• **Your instructions**: Set down exactly, from the records below, the line with "5385 POND BLUFF" through the line with "Apartamento ID.15799 - Apartamento", and nothing else.

[Records drawn from a dataset]
= = = = = = =

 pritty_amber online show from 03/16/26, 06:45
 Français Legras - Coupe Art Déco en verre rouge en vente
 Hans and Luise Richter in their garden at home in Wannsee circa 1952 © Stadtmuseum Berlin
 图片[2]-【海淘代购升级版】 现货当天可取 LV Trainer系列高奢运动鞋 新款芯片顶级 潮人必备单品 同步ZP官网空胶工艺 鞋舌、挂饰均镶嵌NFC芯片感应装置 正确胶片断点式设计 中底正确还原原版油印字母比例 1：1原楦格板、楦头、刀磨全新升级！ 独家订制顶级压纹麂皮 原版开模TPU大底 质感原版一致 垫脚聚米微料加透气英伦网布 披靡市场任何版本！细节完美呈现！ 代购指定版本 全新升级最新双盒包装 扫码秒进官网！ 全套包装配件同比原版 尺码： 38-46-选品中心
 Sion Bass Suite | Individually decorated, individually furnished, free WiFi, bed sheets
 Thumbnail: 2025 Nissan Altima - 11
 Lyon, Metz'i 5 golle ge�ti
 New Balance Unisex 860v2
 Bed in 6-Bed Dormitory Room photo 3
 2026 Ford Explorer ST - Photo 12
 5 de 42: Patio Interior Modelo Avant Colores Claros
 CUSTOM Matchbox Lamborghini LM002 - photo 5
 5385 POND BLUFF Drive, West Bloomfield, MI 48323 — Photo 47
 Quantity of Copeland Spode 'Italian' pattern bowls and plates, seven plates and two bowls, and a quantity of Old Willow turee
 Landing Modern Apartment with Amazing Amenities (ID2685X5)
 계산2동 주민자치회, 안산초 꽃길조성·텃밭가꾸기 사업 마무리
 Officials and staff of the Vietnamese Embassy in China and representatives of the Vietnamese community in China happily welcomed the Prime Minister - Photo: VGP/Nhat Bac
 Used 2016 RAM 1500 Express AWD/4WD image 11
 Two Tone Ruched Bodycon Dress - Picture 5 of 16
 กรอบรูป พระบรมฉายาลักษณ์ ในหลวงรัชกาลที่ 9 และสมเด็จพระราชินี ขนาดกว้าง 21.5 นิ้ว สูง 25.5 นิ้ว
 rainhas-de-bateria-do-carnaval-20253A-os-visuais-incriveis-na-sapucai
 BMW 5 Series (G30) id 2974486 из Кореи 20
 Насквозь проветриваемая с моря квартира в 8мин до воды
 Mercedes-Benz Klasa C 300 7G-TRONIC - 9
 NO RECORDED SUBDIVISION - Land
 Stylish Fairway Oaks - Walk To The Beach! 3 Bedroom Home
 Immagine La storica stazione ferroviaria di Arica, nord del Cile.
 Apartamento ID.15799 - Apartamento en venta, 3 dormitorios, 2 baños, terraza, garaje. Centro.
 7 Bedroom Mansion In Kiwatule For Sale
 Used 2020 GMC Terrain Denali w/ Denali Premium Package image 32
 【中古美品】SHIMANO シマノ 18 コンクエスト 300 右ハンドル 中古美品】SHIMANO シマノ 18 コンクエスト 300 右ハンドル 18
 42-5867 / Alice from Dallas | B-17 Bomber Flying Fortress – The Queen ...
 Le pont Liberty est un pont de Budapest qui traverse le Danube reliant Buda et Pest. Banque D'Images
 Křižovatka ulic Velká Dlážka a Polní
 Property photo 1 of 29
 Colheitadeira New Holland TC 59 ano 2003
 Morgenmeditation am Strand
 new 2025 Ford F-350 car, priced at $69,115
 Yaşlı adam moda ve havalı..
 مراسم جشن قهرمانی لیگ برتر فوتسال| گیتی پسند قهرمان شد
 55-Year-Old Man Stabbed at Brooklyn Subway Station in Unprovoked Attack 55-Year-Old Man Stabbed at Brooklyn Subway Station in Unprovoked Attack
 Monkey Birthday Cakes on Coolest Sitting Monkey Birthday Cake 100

= = = = = = =

• **Your response**:
 5385 POND BLUFF Drive, West Bloomfield, MI 48323 — Photo 47
 Quantity of Copeland Spode 'Italian' pattern bowls and plates, seven plates and two bowls, and a quantity of Old Willow turee
 Landing Modern Apartment with Amazing Amenities (ID2685X5)
 계산2동 주민자치회, 안산초 꽃길조성·텃밭가꾸기 사업 마무리
 Officials and staff of the Vietnamese Embassy in China and representatives of the Vietnamese community in China happily welcomed the Prime Minister - Photo: VGP/Nhat Bac
 Used 2016 RAM 1500 Express AWD/4WD image 11
 Two Tone Ruched Bodycon Dress - Picture 5 of 16
 กรอบรูป พระบรมฉายาลักษณ์ ในหลวงรัชกาลที่ 9 และสมเด็จพระราชินี ขนาดกว้าง 21.5 นิ้ว สูง 25.5 นิ้ว
 rainhas-de-bateria-do-carnaval-20253A-os-visuais-incriveis-na-sapucai
 BMW 5 Series (G30) id 2974486 из Кореи 20
 Насквозь проветриваемая с моря квартира в 8мин до воды
 Mercedes-Benz Klasa C 300 7G-TRONIC - 9
 NO RECORDED SUBDIVISION - Land
 Stylish Fairway Oaks - Walk To The Beach! 3 Bedroom Home
 Immagine La storica stazione ferroviaria di Arica, nord del Cile.
 Apartamento ID.15799 - Apartamento en venta, 3 dormitorios, 2 baños, terraza, garaje. Centro.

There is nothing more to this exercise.